Mastercard knows only too well that technology can drive inclusive financial growth with simpler and more efficient ways to do business and life. And Raghu Malhotra, the man spearheading this trajectory in Africa, is also focused on social progress.
In many ways, Raghu Malhotra is like the brand he works for, leaving his footprints in different parts of the world, and in some cases, the most unlikely corners.
On a scorching summer’s day in June 2016, Malhotra traveled 100km east of Jordan’s capital city Amman, to a camp with white tents named Azraq built for the refugees of the Syrian Civil War.
In the desert terrain and hot, windy conditions, people had to queue for hours on end for plates of food handed out of visiting trucks. But some of them, displaced and homeless overnight, expressed their gratitude to Malhotra, President for Mastercard in the Middle East and Africa (MEA).
Mastercard, a technology company that engages in the global payments industry, had distributed e-cards, as part of a global collaboration with the World Food Programme, to the refugees that they could now use to purchase food and other supplies from local shops.
Loading...
READ MORE | The Big Bank Theory: South Africa’s Banks Of The Future
“I spoke to the people myself and saw what their lives were… Even those who were doctors with their families and were displaced… They said to me ‘you have restored dignity to our lives; you have no idea how demeaning it is to queue up to be given food’… We actually digitized how that subsidy for food was given. Some of these things go beyond economics,” says Malhotra.
Beyond economics.
That very simply sums up Malhotra’s mandate for Africa as well.

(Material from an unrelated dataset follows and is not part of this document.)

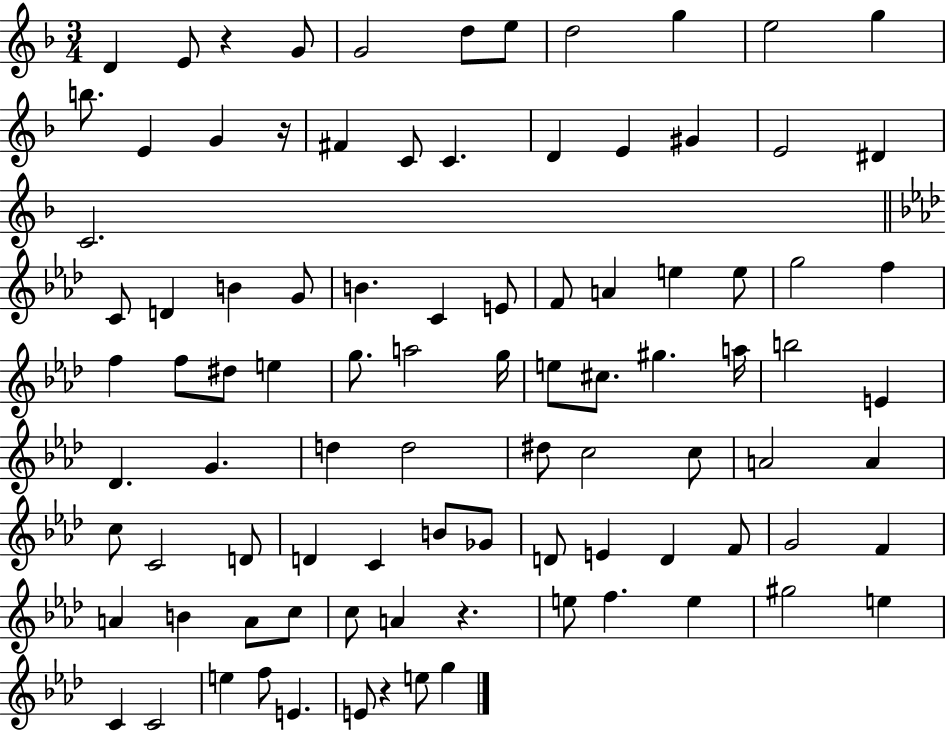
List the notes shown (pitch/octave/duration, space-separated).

D4/q E4/e R/q G4/e G4/h D5/e E5/e D5/h G5/q E5/h G5/q B5/e. E4/q G4/q R/s F#4/q C4/e C4/q. D4/q E4/q G#4/q E4/h D#4/q C4/h. C4/e D4/q B4/q G4/e B4/q. C4/q E4/e F4/e A4/q E5/q E5/e G5/h F5/q F5/q F5/e D#5/e E5/q G5/e. A5/h G5/s E5/e C#5/e. G#5/q. A5/s B5/h E4/q Db4/q. G4/q. D5/q D5/h D#5/e C5/h C5/e A4/h A4/q C5/e C4/h D4/e D4/q C4/q B4/e Gb4/e D4/e E4/q D4/q F4/e G4/h F4/q A4/q B4/q A4/e C5/e C5/e A4/q R/q. E5/e F5/q. E5/q G#5/h E5/q C4/q C4/h E5/q F5/e E4/q. E4/e R/q E5/e G5/q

The New York-headquartered Mastercard, ranked No. 43 on Forbes’ list of the World’s Most Valuable Brands, with a market cap of $247 billion, which connects consumers, financial institutions, merchants, governments and business, is fostering key partnerships across the African continent to help drive inclusive economic growth.
The idea, Malhotra says, “is to get our global skill-set to operate in its most efficient form in every local economy, at the same time, we must do good, and it must be sustainable.”
He calls Africa the next bastion of growth for various industries.
“As a company, we have stated we are going to get 500 million new consumers globally. And Africa plays a big part of that whole story… We want to be an integral part of various economies here,” says the man responsible for driving Mastercard’s global strategy across 69 markets.
“It probably took us over 20 years to get the first 50 million new consumers, in my part of the world, which is the Middle East and Africa (MEA). It took us probably five years to get the next 50 million, and last year alone, we put over 50 million consumers [in the formal economy] in MEA. That is part of our whole African story, so this is just not rhetoric; we are actually building our business on that basis.”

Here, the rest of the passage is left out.